Sei lá se pelo calibre do elenco, mas HIC foi coalhada de participações especiais, especialmente de astros vintage, como Carol Burnett e Robert Wagner, o Jonathan Hart, de Casal 20. Astros antigos e atores canadenses, britânicos, australianos. Será a fama vintage da TV Land ou por que ambas as categorias são mais baratas de contratar? Cinismo do resenhista à parte, TVmaníacos terão frêmitos de prazer caçando as participações ao longo da mais de centena de episódios.
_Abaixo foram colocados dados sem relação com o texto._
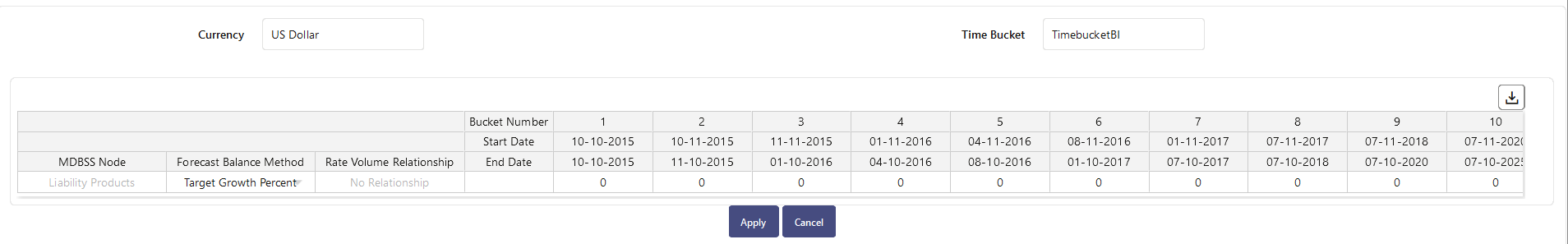 Forecast Balance-Target Growth Percent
O oitentista Huey Lewis como roqueiro velhusco que não aguenta mais a vida de sexo, drogas e rock. Wayne Knight, o Don Orville de 3rd Rock From the Sun, novamente vivendo um cara que tem um caso com uma mulher bonita demais pra ele. Incrível, parece que o tempo não passou pro gordinho! Dan Lauria, o pai do Kevin Arnold, de Anos Incríveis.
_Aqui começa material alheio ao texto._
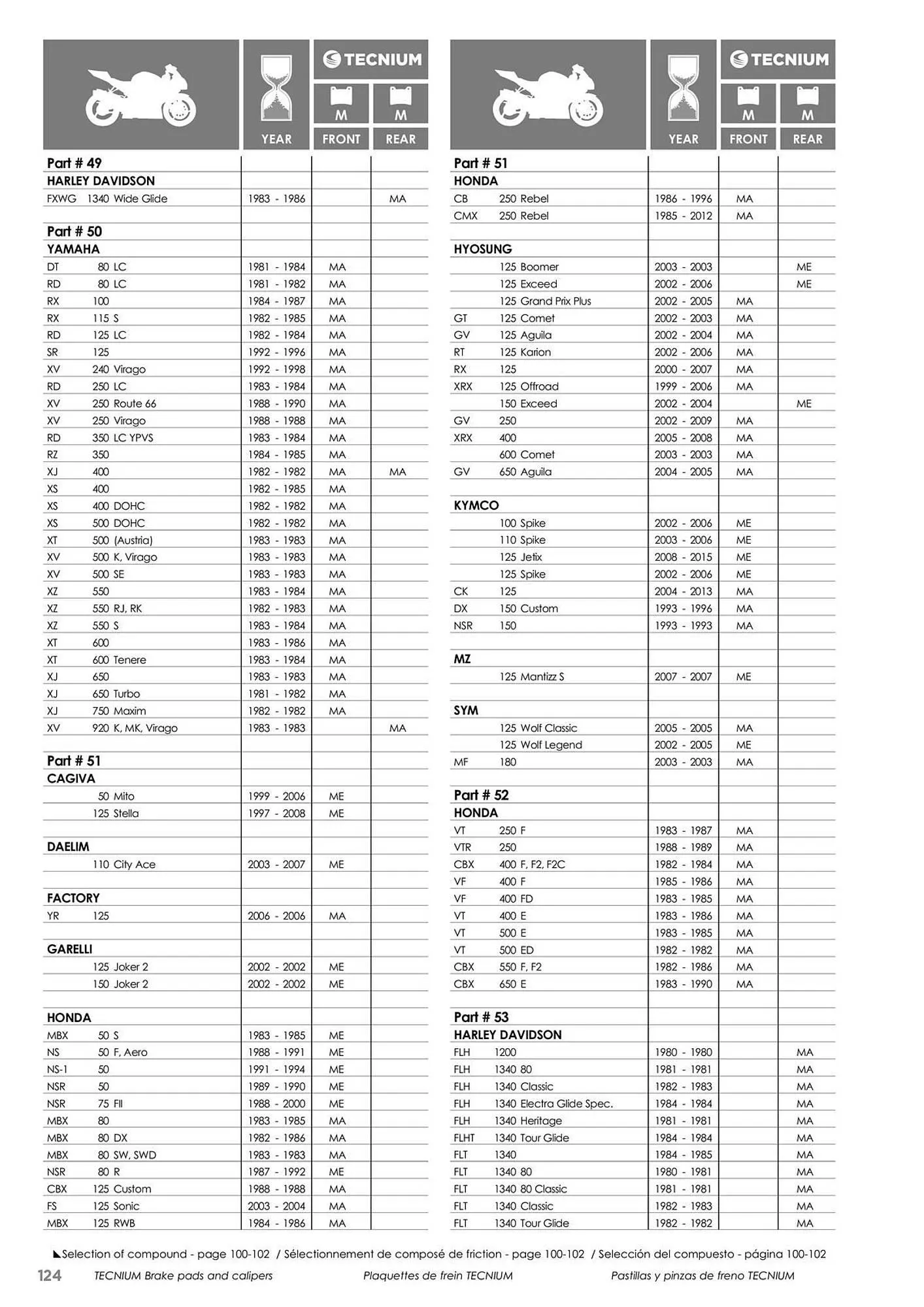 Catalogue Bihr du 23 mai au 31 décembre 2025 - Catalogue page 124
Chamou-me atenção que Mark Indelicato, Michael Urie (o Justin e o Mark, de Ugly Betty) e Jesse Tyler Ferguson (o Mitchell de Modern Family) tenham sido escalados pra personagens gays, como em suas séries de origem. Estariam tipificados? Se sim, cadê a tão decantada modernidade da TV ianque?
Em meio a tantas aparições de famosos de outrora, o episódio que reuniu todo o elenco feminino de Mary Tyler Moore foi arrepiante, com direito a miado no final e tudo. Quando Ed Asner aparecera bem mais discretamente, já vibrara, imagine ver Mary, Rhoda, Phylis, Georgette e Sue Ann ao redor da mesma mesa. HIC era gravado em frente a uma plateia; conta-se que o diretor de cena teve que pedir que parassem de aplaudir. Eu abriria o bocão! Dos vivos só faltou Gavin MacLeod. Sem Mary Tyler Moore HIC não teria sido possível; sem MTM a sitcom contemporânea não existiria, simples assim.
Além do prazer e da graça intrínsecos dos episódios, a miríade de referências a outros shows, atuais e antigos faz de HIC um prazer de ver. Quando Joy e Elka mencionam um lugar chamado Shady Pines, fãs das Golden Girls já lembram do asilo do qual Sofia fugira. E os impagáveis episódios onde maneirismos de House of Cards e Scandal foram parodiados? A posuda Downton Abbey fez mesmo sucesso em terras do Tio Sam, mesmo exibido pelas públicas PBSs. A série inglesa é mencionada várias vezes e até Lesley Nicol – a Mrs. Patmore! – aparece num episódio de Natal.
Para as pessoas com albinismo cumpre destacar que na sexta temporada um episódio apresentou o filho de Joy saindo com uma albina sem que isso parecesse de outro mundo. Claro que um par de piadas foi feita, mas nada ofensivo. Pena que a atriz não era albina, tava pintada, daí não fica legal.
HIC não entrará pro rol de clássicos televisivos, mas tem fôlego pra ser reprisado por décadas. Certamente, a TV Land se incumbirá disso; não deixe de ver.